Pierre’s parenting is inconsistent, while Maria acts like a Queen Bee (‘You owe me your life’)— lecture style no longer compatible with today’s software requirements
For the sake of anonymity, my father’s name is Pierre, and my mother’s name is Maria. My name is (not) Orono, the eldest of three boys, at age 16. I have two brothers, aged 12 and 7, who I don’t feel like naming for this review.
Pierre is in his middle 50s, and looks it. He’s tall, hairy, used to be slender, with a square face, graying brown hair, and old eyes tucked behind a pair of tito-core glasses. He’s a round but not wide person; he just has an incredibly large and round belly. The best description I can think of is that he looks like he swallowed a medium-sized beach ball. You’ll usually find him wearing a long-sleeved button-down work shirt, or a polo shirt, psychedelic tie-dye, or a T-shirt prominently featuring a graphic of a dad-rock band such as the Rolling Stones.

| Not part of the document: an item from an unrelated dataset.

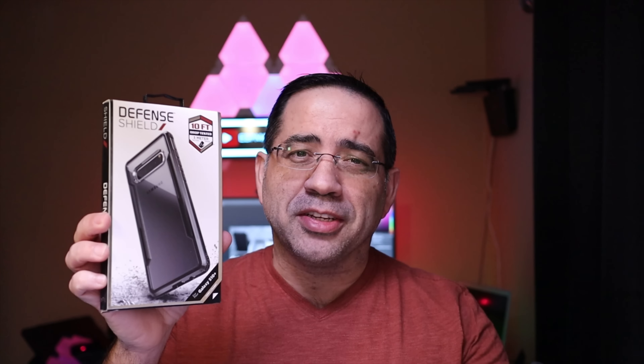Hey guys, ZBP Man here, and I have more accessories for you for the Samsung Galaxy S10, S10e, or S10 Plus. Today, these are brought to us by Xdoria. Let's go ahead and check them out.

Pierre has a rather jolly personality, but not as overly jolly as most jolly people are. I call him a jolly and turbulent walking encyclopedia written in 2005. He is incredibly smart and knows about all sorts of things, from before 2005, but this falls apart when you ask him about current-day topics. He tries his best to stay up to date, but he is, as I said, in his 50s.

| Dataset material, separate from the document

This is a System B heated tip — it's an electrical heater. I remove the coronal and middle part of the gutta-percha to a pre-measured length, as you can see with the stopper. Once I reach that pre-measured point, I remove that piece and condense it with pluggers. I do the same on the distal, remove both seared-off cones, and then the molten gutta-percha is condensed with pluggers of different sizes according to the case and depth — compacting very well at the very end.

Maria’s age is a difficult equation. Like many of her age and style, (she’s a bonafide tita), she prefers to lie about her true age, so I’ll just give you a range from 35 to 50. She’s shorter, surprisingly fit, with a rounder, sharper face and dark brown hair. She’s starting to grow crows’ feet around her eyes, but besides that, and the general manner in which she carries herself, she looks a little young for her age, which, no doubt, she’ll be ecstatic to hear from me.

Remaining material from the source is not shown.